Data Science Asked by Dhaval Thakkar on December 2, 2020
Information Available
Consider, there are ‘n’ users and they have these attributes and values
User A:
Row | Attribute a | Attribute b | Attribute c
Item 1| 0.593 | 0.7852 | 0.484
Item 2| 0.18 | 0.96 | 0.05
Item 3| 0.423 | 0.886 | 0.156
User B:
Row | Attribute a | Attribute b | Attribute c
Item 7| 0.228 | 0.148 | 0.658
Item 8| 0.785 | 0.33 | 0.887
Item 9| 0.569 | 0.994 | 0.374
Items in this dataset can be described using the attributes a, b, and, c. So, the items might or might not be the same for different users but the attributes explain the taste of the user.
Currently, I have data for about 1000 users in this format and I can create a classifier for one user that says whether the user will like the given item or not.
Goal
What I want to do is to match users who have similar tastes using the info available above. I don’t know much about Recommendation Systems and I’d really appreciate if someone could help me out.

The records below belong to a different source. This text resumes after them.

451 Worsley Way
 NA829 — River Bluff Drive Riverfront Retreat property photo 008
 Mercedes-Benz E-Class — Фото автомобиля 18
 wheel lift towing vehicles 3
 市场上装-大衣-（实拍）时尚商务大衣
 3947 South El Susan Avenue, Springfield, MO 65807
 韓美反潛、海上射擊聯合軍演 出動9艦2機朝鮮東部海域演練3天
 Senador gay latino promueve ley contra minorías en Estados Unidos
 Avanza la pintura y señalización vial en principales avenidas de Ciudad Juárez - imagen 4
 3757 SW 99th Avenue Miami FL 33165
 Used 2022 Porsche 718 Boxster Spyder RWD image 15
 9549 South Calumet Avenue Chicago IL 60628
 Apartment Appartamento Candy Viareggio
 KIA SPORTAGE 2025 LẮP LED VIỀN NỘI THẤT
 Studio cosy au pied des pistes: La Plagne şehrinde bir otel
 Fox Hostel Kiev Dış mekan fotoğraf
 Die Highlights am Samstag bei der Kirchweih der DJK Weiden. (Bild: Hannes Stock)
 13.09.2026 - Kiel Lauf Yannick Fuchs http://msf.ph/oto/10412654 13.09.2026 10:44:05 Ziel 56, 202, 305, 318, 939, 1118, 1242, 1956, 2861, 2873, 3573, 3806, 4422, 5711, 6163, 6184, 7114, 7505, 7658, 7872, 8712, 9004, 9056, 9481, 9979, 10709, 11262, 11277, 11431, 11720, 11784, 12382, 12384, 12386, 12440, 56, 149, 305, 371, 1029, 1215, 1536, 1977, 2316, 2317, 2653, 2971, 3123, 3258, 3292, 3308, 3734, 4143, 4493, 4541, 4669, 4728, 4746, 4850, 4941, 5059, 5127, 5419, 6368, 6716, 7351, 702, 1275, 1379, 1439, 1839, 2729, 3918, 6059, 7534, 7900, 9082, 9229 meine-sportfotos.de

One possible approach would be to create N classifiers (one per each user) and then pick M random items, and run those into the N classifiers. The outcome would be something like:
User 1 | User 2 | ... | User N
Item 1: 1 | 0 | ... | 1 --> User 1 and N both like item 1
Item 2: 1 | 1 | ... | 1 --> All users like item 2
... ... | ... | ... | ...
Item M: 0 | 0 | ... | 0 --> No user likes item M
where the i-th row contains the result of running i-th item in all N classifiers, and the j-th column contains the results of running all the M items in the j-th classifier.
Then you could see each user as a M-dimentional point, and use a simple classifier such as KNN with haming distance for the distance metric.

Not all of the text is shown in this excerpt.